Ian Payne 4am - 7am
More than 3.5 million first coronavirus doses administered so far in UK
16 January 2021, 15:57 | Updated: 17 January 2021, 08:47
More people have now been vaccinated against coronavirus in the UK than have tested positive since the pandemic started.
The total number of jabs administered in the UK, including both first and second doses, is 4,006,440.
A total of 3,514,385 Covid-19 vaccinations had taken place in England between December 8 and January 15, according to provisional NHS England data.
It is more than the total number of Covid infections across the entire UK since the pandemic began.
The total includes first and second doses, which is a rise of 324,711 on Friday's figures.
Of this number, 3,090,058 were the first dose of the vaccine, a rise of 320,894 on Friday's figures, while 424,327 were the second dose, an increase of 3,817.

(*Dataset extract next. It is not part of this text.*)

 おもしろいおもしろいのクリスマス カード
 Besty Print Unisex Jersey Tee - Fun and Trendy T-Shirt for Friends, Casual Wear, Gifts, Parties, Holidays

We’ve given over 3.5 million vaccine doses to protect against COVID-19, with over 324,000 doses yesterday alone.— Boris Johnson (@BorisJohnson) January 16, 2021
Thank you to everyone who is helping in this fantastic national effort. Help our NHS by staying at home to save lives. pic.twitter.com/k35anabiEE
Some 117,906 first doses have been given in Northern Ireland, on top of the 3,090,058 in England, 126,375 in Wales and 224,840 in Scotland.
So far, 447,261 second doses have been administered in the UK, including 424,327 in England, 129 in Wales, 19,474 in Northern Ireland and 3,331 in Scotland.
It comes as Salisbury Cathedral opened its doors as a Covid-19 vaccination centre, with an RAF veteran among the first to receive his jab there on Saturday.
NHS staff, patients and those accompanying them were treated to music from the Cathedral's famous Father Willis organ throughout Saturday.
A programme of music to mark the occasion was developed by David Halls, director of music for the cathedral, and John Challenger, the assistant director of music.
Former Flight Sergeant Louis Godwin, 95, gave a thumbs-up after being vaccinated in the cathedral, which dates back more than 800 years.
He described receiving the Pfizer/BioNTech jab as "absolutely marvellous" and "no trouble at all".
It was also announced on Saturday that the UK faces short-term delays in delivery of the Pfizer coronavirus vaccine as the company upgrades its production capacity.
The pharmaceutical giant is upscaling production at its plant in Puurs, Belgium, in efforts to produce more doses than originally planned for 2021.
But the move will temporarily reduce deliveries to all European countries, prompting anger from several EU countries.
Shipments of the vaccine, produced in partnership with Germany's BioNTech, to the UK are set to be affected this month.
But the firm said the overall number of doses due to be delivered between January and March will remain the same.
A Pfizer spokeswoman said: "We understand a change to deliveries has the potential to create uncertainty.
"However, we can confirm the overall projected volumes of delivery to the UK remain the same for quarter one (January to March).
"We continue to liaise with the UK Government and the Vaccines Taskforce to work through short-term impact of these changes to our January deliveries and support the goals of the UK Covid-19 vaccination programme."
In response, a spokeswoman for the Government said that it is still working to its plan of vaccinating all four priority groups by February 15.